This type of thread is done on the Armour Archive to great success; I thought I'd try it here because there are numerous threads for any number of impressions one might want to do, but one they do not have is a reference point for reenactors interested in this particular period.  I did find threads on Hospitaliers (1200-1250 for instance), Spanish, French and other types of knights or men-at-arms but none for an English Knight.  If there is little difference, say, between a French and English knight, let me know that as well...

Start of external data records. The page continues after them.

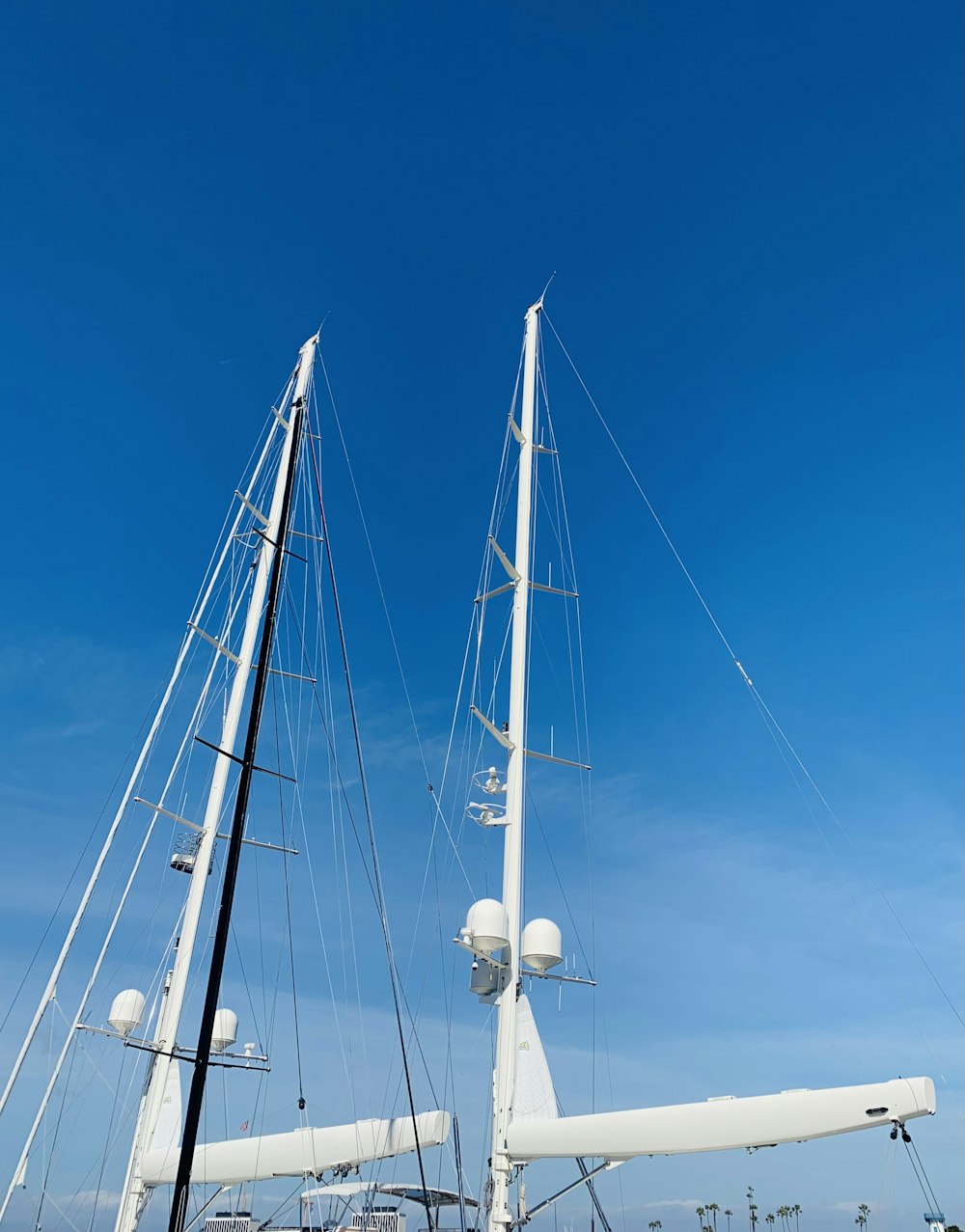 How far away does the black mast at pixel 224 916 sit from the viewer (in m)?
14.0

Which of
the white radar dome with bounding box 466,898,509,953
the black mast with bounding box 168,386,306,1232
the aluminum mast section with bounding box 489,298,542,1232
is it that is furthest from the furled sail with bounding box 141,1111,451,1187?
the black mast with bounding box 168,386,306,1232

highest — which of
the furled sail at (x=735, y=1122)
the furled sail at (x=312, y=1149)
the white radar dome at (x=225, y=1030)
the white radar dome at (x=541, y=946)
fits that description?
the white radar dome at (x=225, y=1030)

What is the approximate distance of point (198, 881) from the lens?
3148 cm

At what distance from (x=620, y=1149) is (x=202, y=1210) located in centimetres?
1348

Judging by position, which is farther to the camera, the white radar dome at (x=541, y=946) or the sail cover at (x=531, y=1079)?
the white radar dome at (x=541, y=946)

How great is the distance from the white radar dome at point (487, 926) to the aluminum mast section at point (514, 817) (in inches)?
10.8

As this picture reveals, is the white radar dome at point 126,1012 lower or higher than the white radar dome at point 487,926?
higher

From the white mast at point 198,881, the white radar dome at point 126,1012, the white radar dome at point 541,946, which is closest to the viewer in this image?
the white radar dome at point 541,946

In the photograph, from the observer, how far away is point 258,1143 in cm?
2423

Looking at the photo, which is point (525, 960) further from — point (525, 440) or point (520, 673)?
point (525, 440)

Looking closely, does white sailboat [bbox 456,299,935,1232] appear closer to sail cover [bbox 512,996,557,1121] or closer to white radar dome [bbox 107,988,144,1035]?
sail cover [bbox 512,996,557,1121]

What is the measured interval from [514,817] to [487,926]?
319 centimetres

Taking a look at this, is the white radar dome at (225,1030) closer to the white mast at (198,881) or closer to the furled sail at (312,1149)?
the white mast at (198,881)

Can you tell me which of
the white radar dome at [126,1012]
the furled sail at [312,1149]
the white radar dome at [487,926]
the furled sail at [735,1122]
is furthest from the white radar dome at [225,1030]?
the furled sail at [735,1122] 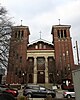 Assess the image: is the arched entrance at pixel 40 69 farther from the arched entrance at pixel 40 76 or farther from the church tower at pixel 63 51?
the church tower at pixel 63 51

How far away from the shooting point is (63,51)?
195ft

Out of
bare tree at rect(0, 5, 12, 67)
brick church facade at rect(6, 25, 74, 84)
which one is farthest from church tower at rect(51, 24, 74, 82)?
bare tree at rect(0, 5, 12, 67)

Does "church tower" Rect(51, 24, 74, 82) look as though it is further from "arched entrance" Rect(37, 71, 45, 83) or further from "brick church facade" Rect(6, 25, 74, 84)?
"arched entrance" Rect(37, 71, 45, 83)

As you may have guessed, there's plenty of thread material on the AA for those interested in the 14th C Mafia but nothing for the 13th Englishman, so I thought I'd choose that as my starting foundation.

So, what I'm after is this: any and all information on the arms, armor, garments/soft kit and accessories that a 13th C knight would have on his person, be it on campaign or at home.  If you have links to books, pictures or online repositories, those would be most welcome.  Personal anecdotes and experiences are also encouraged- ideally this would lead to a discussion but overall, I'd like this to be a one-stop shop so that I, and anyone else interrested in the period, could come here and do a quick lookup in the thread w/out having to hunt anything down.

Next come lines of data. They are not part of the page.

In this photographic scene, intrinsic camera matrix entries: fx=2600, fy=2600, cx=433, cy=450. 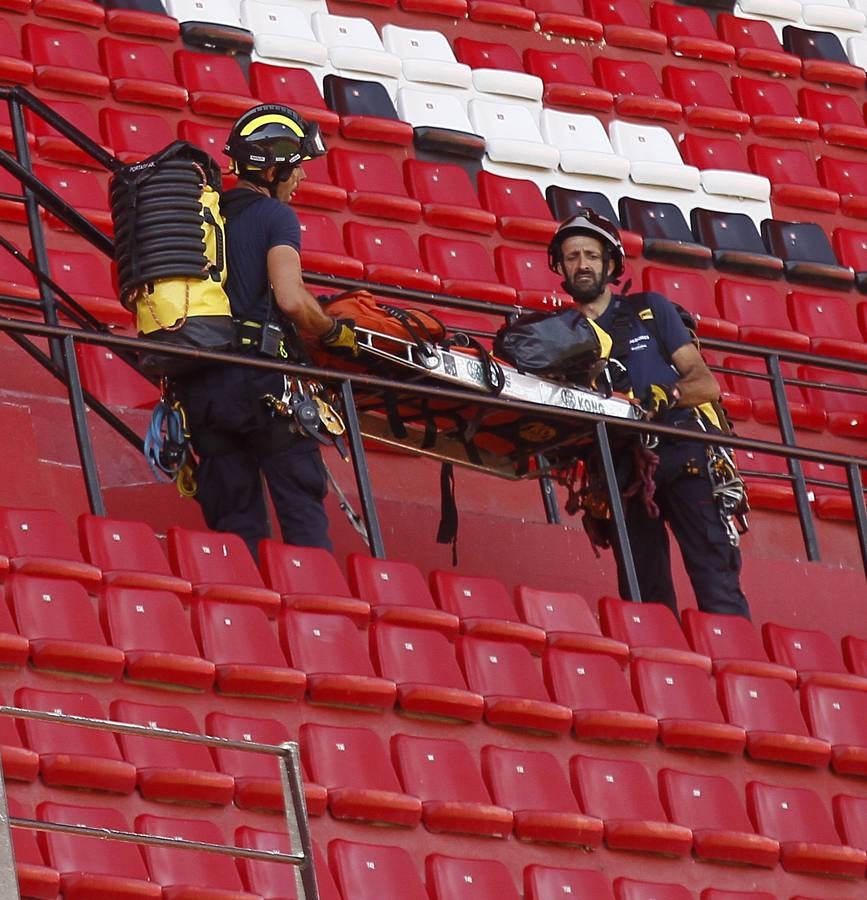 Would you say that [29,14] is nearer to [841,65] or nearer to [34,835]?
[841,65]

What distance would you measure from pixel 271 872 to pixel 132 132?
4.33 m

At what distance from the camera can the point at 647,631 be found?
22.1 ft

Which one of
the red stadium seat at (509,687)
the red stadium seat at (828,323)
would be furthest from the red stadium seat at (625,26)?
the red stadium seat at (509,687)

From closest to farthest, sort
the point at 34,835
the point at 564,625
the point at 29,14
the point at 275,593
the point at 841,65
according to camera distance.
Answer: the point at 34,835 → the point at 275,593 → the point at 564,625 → the point at 29,14 → the point at 841,65

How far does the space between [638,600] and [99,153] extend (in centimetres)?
191

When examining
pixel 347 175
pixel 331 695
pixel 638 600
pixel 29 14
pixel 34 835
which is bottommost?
pixel 34 835

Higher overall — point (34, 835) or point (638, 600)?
point (638, 600)

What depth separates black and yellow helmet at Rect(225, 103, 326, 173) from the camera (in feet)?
21.0

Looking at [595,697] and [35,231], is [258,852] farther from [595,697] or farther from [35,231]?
[35,231]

Since I am looking to make as close an impression as possible to Living History (I know, I know, OMG Sir William is going there right), I would appreciate only period-appropriate suggestions; this means no plate- cuirasses or breast plates, gorgets, bevors, bascinets or armets to name a few things.  I'd like to be able to include simple elbows, knees and schynbalds if possible but if that does not begin til 14th C then I won't be including them.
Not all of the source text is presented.